Par contre, si vous êtes un entrepreneur afghan de la diaspora qui veut investir dans son pays d’origine, ou un acteur humanitaire qui a besoin d’une structure légale locale, alors ces chiffres sont votre feuille de route.

Mes sources et mes mises à jour

J’ai croisé plusieurs sources pour cet article : le site du Ministère du Commerce et de l’Industrie afghan, des cabinets d’avocats locaux comme Kakar Advocates, et des plateformes d’investissement comme Invest in Afghanistan. Les chiffres sont cohérents entre eux, ce qui est rassurant dans un pays où l’information fiable est rare.

Mais soyons honnêtes. L’Afghanistan reste l’un des pays les plus opaques au monde en matière de données business. Les règles peuvent changer du jour au lendemain. Les interprétations varient selon la province. Et certaines informations ne sont tout simplement pas publiées en anglais (ou même en dari lisible).

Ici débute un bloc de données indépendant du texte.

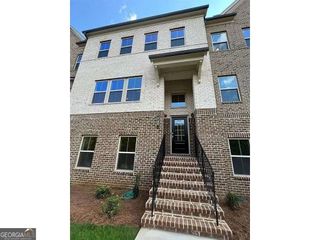 735 Brecklin Lane, Woodstock, GA 30188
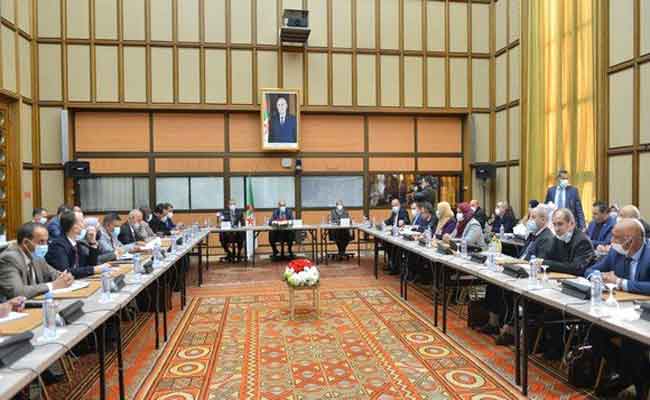 لجنة المالية و الميزانية تستمع لعرض حول مشروع قانون تسوية الميزانية ل2019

Je continue d’auditer cette juridiction régulièrement. Si vous avez des documents officiels récents, des retours d’expérience, ou des corrections à apporter, je suis preneur. Envoyez-moi un email ou revenez consulter cette page dans quelques mois, car je mets à jour ma base de données fréquemment.

Ce qu’il faut retenir

Créer une LLC en Afghanistan coûte environ 52 780 AFN (600-700 USD). Pas de capital minimum. Pas de blocage de fonds. Mais des honoraires juridiques incompressibles.

Chaque année, comptez entre 30 100 et 60 000 AFN (340-680 USD) pour rester conforme. Principalement pour la comptabilité et les déclarations fiscales.

Ces chiffres ne reflètent pas les coûts cachés : sécurité, lenteur administrative, fragilité bancaire. Intégrez une marge d’erreur de 30 à 50% dans votre budget prévisionnel.

L’Afghanistan n’est pas une juridiction facile. Mais pour ceux qui ont une raison légitime d’y être, ces données vous donnent une base réaliste pour planifier. Pas d’illusions. Juste des chiffres. C’est déjà ça.